Berdasarkan informasi dari Organisasi Kesehatan Dunia (WHO), campak merupakan salah satu penyakit yang memiliki tingkat penularan paling tinggi di dunia.
Virus penyebab campak menyebar melalui percikan cairan dari hidung atau tenggorokan penderita.
Percikan tersebut biasanya keluar ketika seseorang batuk atau bersin. Selain itu, virus juga dapat menyebar melalui udara yang telah terkontaminasi oleh penderita.
Yang membuat penyakit ini sangat berbahaya adalah daya tahan virusnya di lingkungan sekitar.
Virus campak dapat tetap aktif di udara atau pada permukaan benda yang terkontaminasi hingga dua jam.
Artinya, seseorang bisa tertular meskipun tidak berada tepat di dekat penderita, selama masih berada di area yang sama.
Para ahli menyebutkan bahwa tingkat penularan campak sangat tinggi.
Bahkan, satu orang penderita bisa menularkan virus kepada hingga 18 orang lain jika mereka tidak memiliki kekebalan terhadap penyakit tersebut.
Penularan ini bahkan bisa terjadi sebelum ruam muncul. Seseorang yang terinfeksi dapat menularkan virus mulai dari empat hari sebelum ruam muncul hingga empat hari setelah ruam terlihat di kulit.
Karena itulah, penderita campak sangat disarankan untuk melakukan isolasi sementara sampai masa penularannya berakhir.
Campak tidak langsung menunjukkan gejala setelah seseorang terpapar virus.
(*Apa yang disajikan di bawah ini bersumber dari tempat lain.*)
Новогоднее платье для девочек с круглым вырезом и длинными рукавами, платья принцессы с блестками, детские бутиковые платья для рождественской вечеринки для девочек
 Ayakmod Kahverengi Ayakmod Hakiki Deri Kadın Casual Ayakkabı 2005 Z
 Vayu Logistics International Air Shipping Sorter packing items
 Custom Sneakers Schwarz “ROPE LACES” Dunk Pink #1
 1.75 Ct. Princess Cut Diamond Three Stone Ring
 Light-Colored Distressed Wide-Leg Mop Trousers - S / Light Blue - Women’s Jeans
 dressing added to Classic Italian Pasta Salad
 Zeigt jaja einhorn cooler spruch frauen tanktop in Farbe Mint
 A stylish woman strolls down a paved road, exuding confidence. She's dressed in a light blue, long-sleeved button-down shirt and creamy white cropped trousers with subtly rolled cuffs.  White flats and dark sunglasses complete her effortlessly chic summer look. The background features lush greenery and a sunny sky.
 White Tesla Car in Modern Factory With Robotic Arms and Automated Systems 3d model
Biasanya, gejala baru muncul sekitar 10 hingga 14 hari setelah infeksi terjadi.
Salah satu tanda paling khas dari penyakit ini adalah munculnya ruam merah pada kulit.
Namun sebelum ruam muncul, penderita biasanya mengalami sejumlah gejala awal yang mirip dengan flu.
Gejala awal tersebut umumnya berlangsung sekitar empat hingga tujuh hari, di antaranya:
Setelah fase awal ini, ruam mulai muncul sekitar 7 hingga 18 hari setelah paparan virus.
Biasanya ruam pertama kali terlihat di bagian wajah atau leher atas.
Dalam waktu sekitar tiga hari, ruam akan menyebar ke seluruh tubuh hingga tangan dan kaki.
Ruam tersebut umumnya bertahan selama lima hingga enam hari sebelum akhirnya memudar secara perlahan.
Banyak orang menganggap campak sebagai penyakit ringan yang hanya menimbulkan ruam pada kulit.
Padahal, penyakit ini dapat menimbulkan komplikasi serius jika tidak ditangani dengan baik.
Dalam beberapa kasus, campak bahkan dapat menyebabkan kematian, terutama pada kelompok rentan seperti anak kecil yang mengalami kekurangan gizi.
Beberapa komplikasi serius yang dapat terjadi akibat campak antara lain:
Komplikasi ini dapat muncul karena virus campak melemahkan sistem kekebalan tubuh.
Bahkan dalam beberapa kasus, sistem imun dapat kehilangan kemampuan untuk melindungi tubuh dari infeksi lain.
Akibatnya, penderita menjadi lebih rentan terhadap berbagai penyakit tambahan yang bisa memperburuk kondisi kesehatan.
Selain anak-anak, campak juga sangat berbahaya bagi ibu hamil. Jika seorang perempuan terinfeksi campak saat masa kehamilan, kondisi ini dapat meningkatkan risiko komplikasi serius.
Infeksi campak pada ibu hamil berpotensi menyebabkan bayi lahir prematur atau memiliki berat badan lahir rendah.
Risiko komplikasi juga lebih tinggi pada beberapa kelompok, seperti:
Anak-anak yang kekurangan vitamin A juga diketahui memiliki risiko lebih besar mengalami komplikasi berat akibat campak.
Kasus selebgram yang tetap beraktivitas di luar rumah saat sakit campak menjadi pengingat penting bagi masyarakat tentang tanggung jawab sosial ketika mengalami penyakit menular.
Dalam situasi seperti ini, langkah terbaik adalah beristirahat di rumah dan menghindari kontak dengan orang lain hingga masa penularan berakhir.
Tindakan sederhana tersebut dapat mencegah penyebaran virus kepada orang lain, terutama kelompok yang rentan.
Selain itu, vaksinasi campak juga menjadi salah satu cara paling efektif untuk mencegah penularan penyakit ini.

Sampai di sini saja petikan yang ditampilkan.